Goofy summit shot celebration.

As always, bring a helmet and make sure to bring plenty of water if it is a warm summer day. And as always, be safe and have fun!

Additions and Corrections

[ Post an Addition or Correction ]
Viewing: 1-3 of 3    
brandonSummit pitches

brandon

Hasn't voted

Hey yal,



I believe there are 4 summit variations. The face Dan climbed on has two. Both old aid routes. The 'real' finishes are on the face around the corner to the left. At the very far left of that face is a 5.8+++ squeeze and offwidth over a roof formed by a detached pillar. Burly and ledge fall potential if you don't have 7 to 10 inch gear.
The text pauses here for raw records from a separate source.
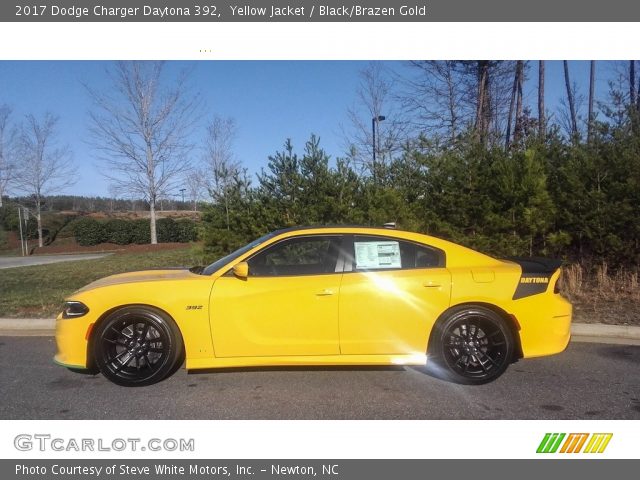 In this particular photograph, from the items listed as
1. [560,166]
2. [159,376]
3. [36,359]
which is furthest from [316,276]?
[560,166]

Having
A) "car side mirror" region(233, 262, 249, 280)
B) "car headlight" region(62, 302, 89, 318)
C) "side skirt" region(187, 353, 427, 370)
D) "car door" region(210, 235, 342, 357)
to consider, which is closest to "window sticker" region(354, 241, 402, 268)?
"car door" region(210, 235, 342, 357)

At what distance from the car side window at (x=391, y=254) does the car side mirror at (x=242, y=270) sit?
3.22 feet

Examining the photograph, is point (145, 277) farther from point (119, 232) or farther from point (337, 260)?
point (119, 232)

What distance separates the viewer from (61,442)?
3.02 meters

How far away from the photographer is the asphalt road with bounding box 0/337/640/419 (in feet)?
10.9

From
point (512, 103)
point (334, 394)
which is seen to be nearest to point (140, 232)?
point (512, 103)

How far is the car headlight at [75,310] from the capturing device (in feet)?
12.5

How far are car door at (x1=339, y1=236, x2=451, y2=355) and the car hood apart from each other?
1.54m

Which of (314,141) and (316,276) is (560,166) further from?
(316,276)

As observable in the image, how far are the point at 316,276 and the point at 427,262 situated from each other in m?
1.06

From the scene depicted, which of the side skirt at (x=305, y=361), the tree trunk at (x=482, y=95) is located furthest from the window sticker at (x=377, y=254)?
the tree trunk at (x=482, y=95)

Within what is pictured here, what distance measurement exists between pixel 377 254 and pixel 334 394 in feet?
4.28

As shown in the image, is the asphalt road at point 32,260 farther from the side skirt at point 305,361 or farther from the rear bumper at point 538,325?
the rear bumper at point 538,325

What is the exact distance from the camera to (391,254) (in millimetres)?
4062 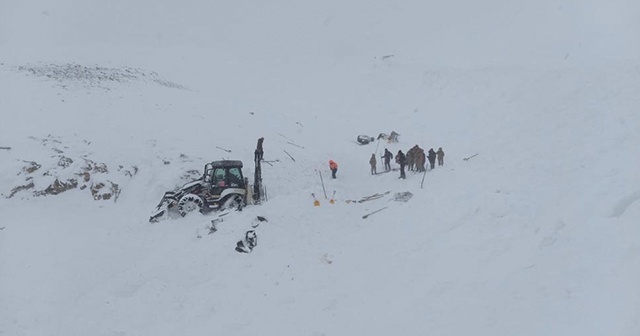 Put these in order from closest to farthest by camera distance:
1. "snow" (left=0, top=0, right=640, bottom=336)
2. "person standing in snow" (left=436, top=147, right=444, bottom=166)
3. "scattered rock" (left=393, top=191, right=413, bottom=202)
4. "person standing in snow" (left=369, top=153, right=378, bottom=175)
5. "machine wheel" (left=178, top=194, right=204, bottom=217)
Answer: "snow" (left=0, top=0, right=640, bottom=336) → "machine wheel" (left=178, top=194, right=204, bottom=217) → "scattered rock" (left=393, top=191, right=413, bottom=202) → "person standing in snow" (left=436, top=147, right=444, bottom=166) → "person standing in snow" (left=369, top=153, right=378, bottom=175)

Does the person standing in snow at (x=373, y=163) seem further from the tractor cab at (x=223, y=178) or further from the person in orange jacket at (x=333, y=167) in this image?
the tractor cab at (x=223, y=178)

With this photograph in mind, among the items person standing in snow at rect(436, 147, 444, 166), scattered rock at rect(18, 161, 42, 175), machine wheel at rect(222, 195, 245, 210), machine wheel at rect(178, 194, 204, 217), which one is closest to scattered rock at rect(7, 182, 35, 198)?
scattered rock at rect(18, 161, 42, 175)

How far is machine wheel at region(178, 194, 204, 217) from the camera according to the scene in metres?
15.9

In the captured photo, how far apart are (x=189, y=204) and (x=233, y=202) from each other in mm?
1482

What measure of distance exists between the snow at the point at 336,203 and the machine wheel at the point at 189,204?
0.33 m

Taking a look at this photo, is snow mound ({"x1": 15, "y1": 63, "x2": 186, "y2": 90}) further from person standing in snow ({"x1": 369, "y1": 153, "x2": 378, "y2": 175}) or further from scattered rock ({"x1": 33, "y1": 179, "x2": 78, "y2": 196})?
person standing in snow ({"x1": 369, "y1": 153, "x2": 378, "y2": 175})

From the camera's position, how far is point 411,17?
52000 mm

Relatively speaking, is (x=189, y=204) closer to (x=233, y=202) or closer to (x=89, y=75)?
(x=233, y=202)

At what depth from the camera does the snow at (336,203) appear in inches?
421

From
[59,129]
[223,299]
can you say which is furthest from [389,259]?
[59,129]

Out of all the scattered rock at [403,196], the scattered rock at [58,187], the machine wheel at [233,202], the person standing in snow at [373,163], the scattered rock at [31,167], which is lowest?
the scattered rock at [403,196]

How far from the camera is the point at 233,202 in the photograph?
16609 mm

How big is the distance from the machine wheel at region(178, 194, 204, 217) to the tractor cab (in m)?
0.64

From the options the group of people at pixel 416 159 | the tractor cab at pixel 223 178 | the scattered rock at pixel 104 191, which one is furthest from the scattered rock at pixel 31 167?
the group of people at pixel 416 159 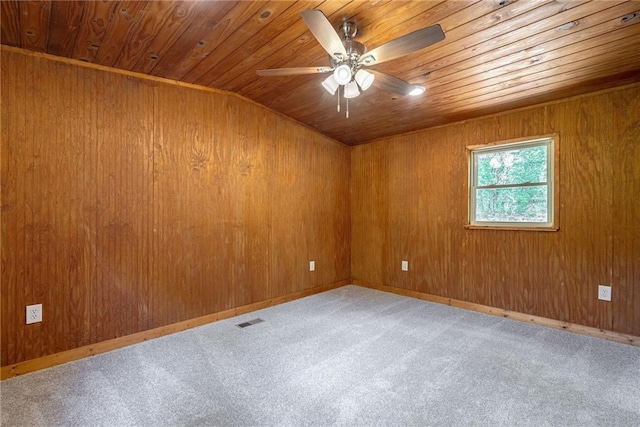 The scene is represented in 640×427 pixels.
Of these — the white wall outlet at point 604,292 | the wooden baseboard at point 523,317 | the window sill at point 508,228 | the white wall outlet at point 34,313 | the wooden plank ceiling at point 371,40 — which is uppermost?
the wooden plank ceiling at point 371,40

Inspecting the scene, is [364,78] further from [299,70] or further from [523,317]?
[523,317]

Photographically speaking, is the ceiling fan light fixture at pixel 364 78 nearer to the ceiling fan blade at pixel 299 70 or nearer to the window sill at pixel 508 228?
the ceiling fan blade at pixel 299 70

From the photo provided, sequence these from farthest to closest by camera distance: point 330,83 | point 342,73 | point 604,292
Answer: point 604,292, point 330,83, point 342,73

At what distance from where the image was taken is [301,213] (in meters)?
3.98

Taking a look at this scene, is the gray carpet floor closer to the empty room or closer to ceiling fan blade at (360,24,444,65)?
the empty room

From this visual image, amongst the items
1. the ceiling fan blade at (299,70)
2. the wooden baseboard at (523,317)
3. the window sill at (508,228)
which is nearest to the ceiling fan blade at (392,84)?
the ceiling fan blade at (299,70)

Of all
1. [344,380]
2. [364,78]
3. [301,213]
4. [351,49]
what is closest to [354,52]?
[351,49]

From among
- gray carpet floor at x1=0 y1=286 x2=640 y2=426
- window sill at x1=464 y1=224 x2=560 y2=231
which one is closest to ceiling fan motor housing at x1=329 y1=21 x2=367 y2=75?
gray carpet floor at x1=0 y1=286 x2=640 y2=426

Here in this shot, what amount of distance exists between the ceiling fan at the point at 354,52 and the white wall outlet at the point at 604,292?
2.48m

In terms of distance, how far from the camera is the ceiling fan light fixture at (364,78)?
197 cm

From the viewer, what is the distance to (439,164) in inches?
148

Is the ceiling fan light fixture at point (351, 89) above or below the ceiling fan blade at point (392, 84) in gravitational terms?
below

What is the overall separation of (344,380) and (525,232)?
8.03 ft

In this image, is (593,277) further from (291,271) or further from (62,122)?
(62,122) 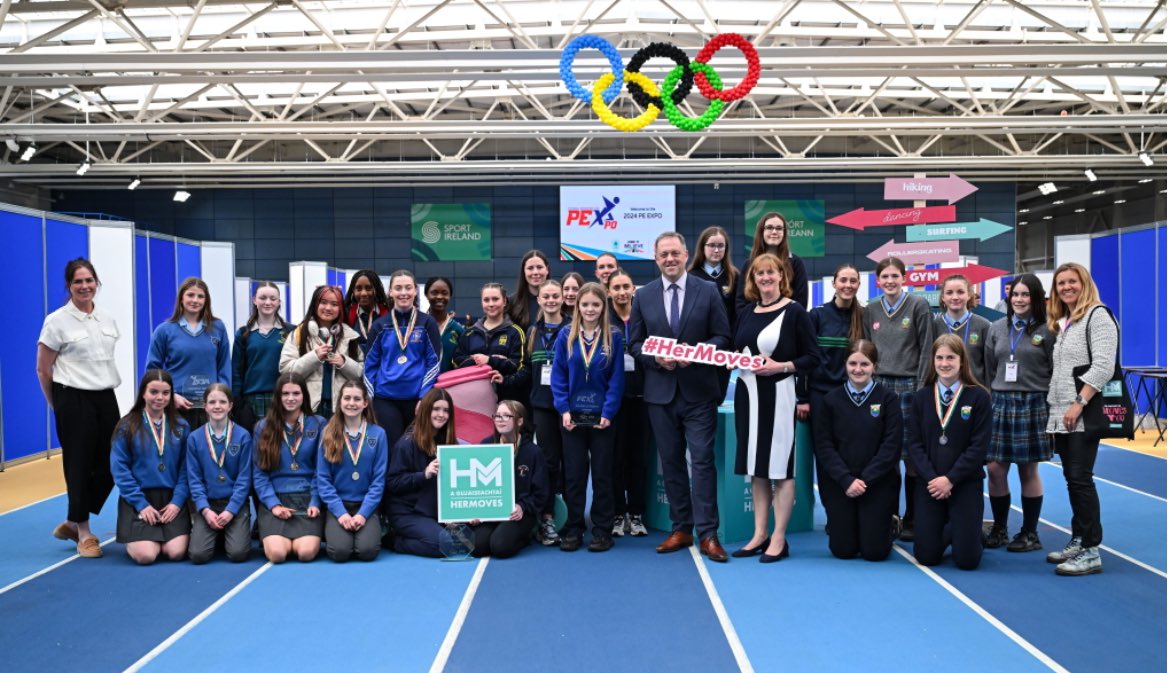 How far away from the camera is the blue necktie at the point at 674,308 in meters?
4.72

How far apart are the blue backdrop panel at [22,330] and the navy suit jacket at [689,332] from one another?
17.7 feet

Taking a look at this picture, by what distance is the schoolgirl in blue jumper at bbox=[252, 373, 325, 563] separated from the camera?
4586 millimetres

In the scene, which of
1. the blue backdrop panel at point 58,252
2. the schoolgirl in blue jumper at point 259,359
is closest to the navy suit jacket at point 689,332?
the schoolgirl in blue jumper at point 259,359

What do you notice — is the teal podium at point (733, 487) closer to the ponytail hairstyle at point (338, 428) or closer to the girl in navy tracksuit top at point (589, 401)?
the girl in navy tracksuit top at point (589, 401)

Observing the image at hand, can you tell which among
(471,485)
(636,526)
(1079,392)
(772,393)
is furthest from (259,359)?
(1079,392)

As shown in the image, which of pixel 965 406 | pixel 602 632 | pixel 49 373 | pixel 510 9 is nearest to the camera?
pixel 602 632

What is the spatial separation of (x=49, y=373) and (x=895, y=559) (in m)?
4.18

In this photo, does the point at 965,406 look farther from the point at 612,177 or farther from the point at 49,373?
the point at 612,177

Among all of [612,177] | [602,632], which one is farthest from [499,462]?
[612,177]

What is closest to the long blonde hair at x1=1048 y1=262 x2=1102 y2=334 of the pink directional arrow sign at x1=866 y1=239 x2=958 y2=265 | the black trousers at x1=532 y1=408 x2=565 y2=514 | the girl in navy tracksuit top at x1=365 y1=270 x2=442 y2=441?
the pink directional arrow sign at x1=866 y1=239 x2=958 y2=265

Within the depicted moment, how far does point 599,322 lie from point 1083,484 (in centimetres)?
228

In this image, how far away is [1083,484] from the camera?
431 cm

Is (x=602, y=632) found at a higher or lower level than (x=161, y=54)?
lower

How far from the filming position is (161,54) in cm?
992
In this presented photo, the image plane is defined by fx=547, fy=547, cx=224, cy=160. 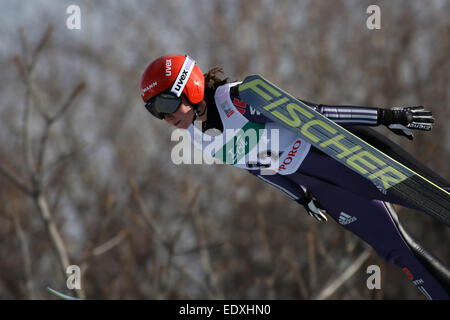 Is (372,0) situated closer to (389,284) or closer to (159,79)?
(389,284)

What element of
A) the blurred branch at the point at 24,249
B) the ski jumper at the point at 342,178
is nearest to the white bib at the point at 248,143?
the ski jumper at the point at 342,178

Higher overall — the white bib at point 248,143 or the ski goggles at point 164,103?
the ski goggles at point 164,103

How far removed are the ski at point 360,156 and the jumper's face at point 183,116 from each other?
0.36 m

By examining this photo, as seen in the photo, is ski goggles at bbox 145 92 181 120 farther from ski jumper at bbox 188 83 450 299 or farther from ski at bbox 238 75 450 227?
ski at bbox 238 75 450 227

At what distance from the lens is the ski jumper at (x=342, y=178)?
11.3 feet

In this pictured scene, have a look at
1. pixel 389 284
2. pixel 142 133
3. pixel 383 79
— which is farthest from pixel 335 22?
pixel 389 284

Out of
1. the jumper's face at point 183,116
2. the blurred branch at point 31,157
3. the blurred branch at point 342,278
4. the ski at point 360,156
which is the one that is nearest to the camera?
the ski at point 360,156

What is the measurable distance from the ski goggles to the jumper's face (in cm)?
4

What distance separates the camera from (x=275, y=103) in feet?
11.0

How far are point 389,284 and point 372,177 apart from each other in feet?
33.3

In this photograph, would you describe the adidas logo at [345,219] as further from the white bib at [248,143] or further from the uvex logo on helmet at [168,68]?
the uvex logo on helmet at [168,68]

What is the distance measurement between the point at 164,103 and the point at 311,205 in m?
1.26

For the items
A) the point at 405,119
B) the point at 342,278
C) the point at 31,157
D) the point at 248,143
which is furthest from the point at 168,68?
the point at 342,278

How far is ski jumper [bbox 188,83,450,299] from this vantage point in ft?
11.3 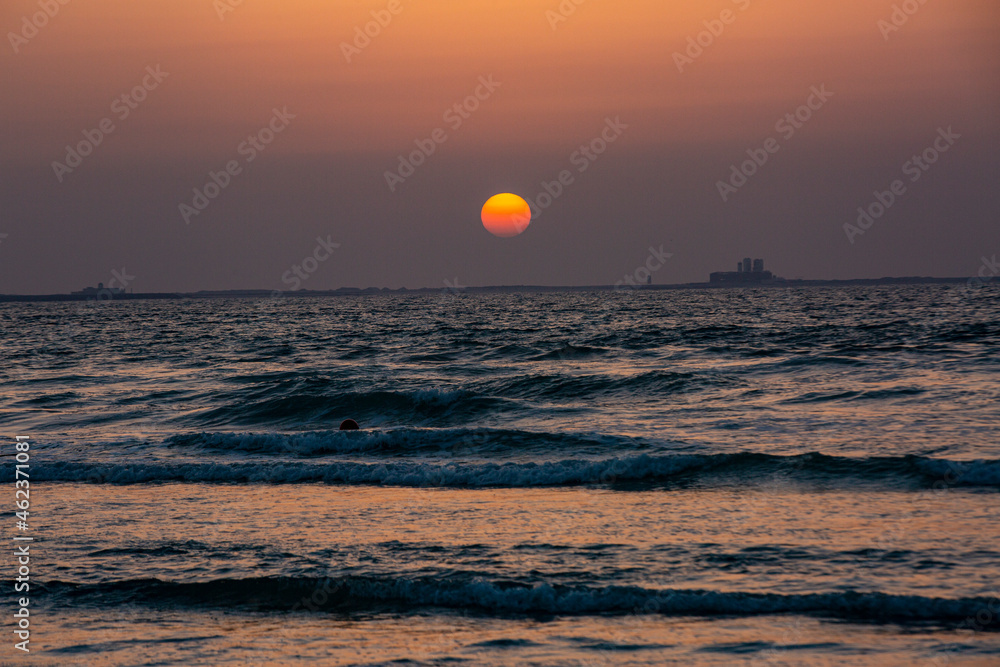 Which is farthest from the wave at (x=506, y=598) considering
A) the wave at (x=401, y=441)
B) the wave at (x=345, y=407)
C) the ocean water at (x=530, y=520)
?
the wave at (x=345, y=407)

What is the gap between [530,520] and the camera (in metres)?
11.8

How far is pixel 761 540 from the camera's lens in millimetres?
10258

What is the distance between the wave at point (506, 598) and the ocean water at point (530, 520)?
1.1 inches

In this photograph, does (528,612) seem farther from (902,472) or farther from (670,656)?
(902,472)

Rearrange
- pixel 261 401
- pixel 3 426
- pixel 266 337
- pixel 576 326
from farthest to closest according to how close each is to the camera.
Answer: pixel 576 326
pixel 266 337
pixel 261 401
pixel 3 426

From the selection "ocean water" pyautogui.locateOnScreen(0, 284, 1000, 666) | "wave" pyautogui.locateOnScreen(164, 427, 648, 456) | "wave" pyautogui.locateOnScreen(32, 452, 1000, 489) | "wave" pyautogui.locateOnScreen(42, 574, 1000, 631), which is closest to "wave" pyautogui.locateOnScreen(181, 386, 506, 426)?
"ocean water" pyautogui.locateOnScreen(0, 284, 1000, 666)

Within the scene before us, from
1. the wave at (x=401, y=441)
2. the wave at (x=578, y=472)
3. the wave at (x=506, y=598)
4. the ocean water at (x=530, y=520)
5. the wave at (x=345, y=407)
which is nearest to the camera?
the ocean water at (x=530, y=520)

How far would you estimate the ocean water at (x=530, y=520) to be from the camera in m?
7.76

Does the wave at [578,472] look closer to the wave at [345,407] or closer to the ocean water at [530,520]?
the ocean water at [530,520]

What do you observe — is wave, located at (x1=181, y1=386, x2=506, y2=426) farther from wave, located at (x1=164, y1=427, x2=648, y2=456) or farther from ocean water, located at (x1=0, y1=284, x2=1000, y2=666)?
wave, located at (x1=164, y1=427, x2=648, y2=456)

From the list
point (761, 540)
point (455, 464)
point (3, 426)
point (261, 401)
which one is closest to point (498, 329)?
point (261, 401)

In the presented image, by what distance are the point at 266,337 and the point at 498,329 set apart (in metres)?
15.0

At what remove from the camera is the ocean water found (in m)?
7.76

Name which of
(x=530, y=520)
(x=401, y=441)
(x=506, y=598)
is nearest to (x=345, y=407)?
(x=401, y=441) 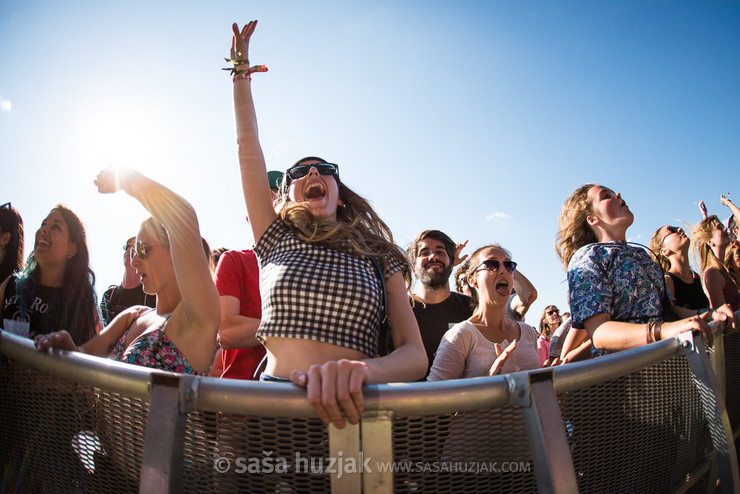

In the center of that face is a killer 5.9 finger crack with jugs that looks like it would be 10+. You must traverse 50 or so feet left to reach these from the typical belay bellow. Seems most people climb 20 or 30 feet too high from the belay, look left and realize they can't traverse any more, and finish up that crappy, bulgy, facey crack thing with all the fixed pins.
Posted Jul 22, 2007 2:00 pm
Dan DaltonRe: Summit pitches

Dan Dalton

Hasn't voted

That is good info to know, thanks for the heads up. I definately went on the bugly fixed pin line, but I felt that I got some finger-crack and jug action as well. I definately saw the off-width and immediately opted for something different. Thanks for the additon/correction.



Dan
Posted Jul 23, 2007 10:38 am
JonWSouth Face, Summit Pitch

JonW

Hasn't voted

Brandon's comment is correct, the two "standard" finishes are on the south face of summit tower. We opted for the figure crack, which is several feet right of the off-width. This is not 5.9. I found it no harder than 5.8 with plenty of jugs and bomber gear. There aren't any pins on this variation.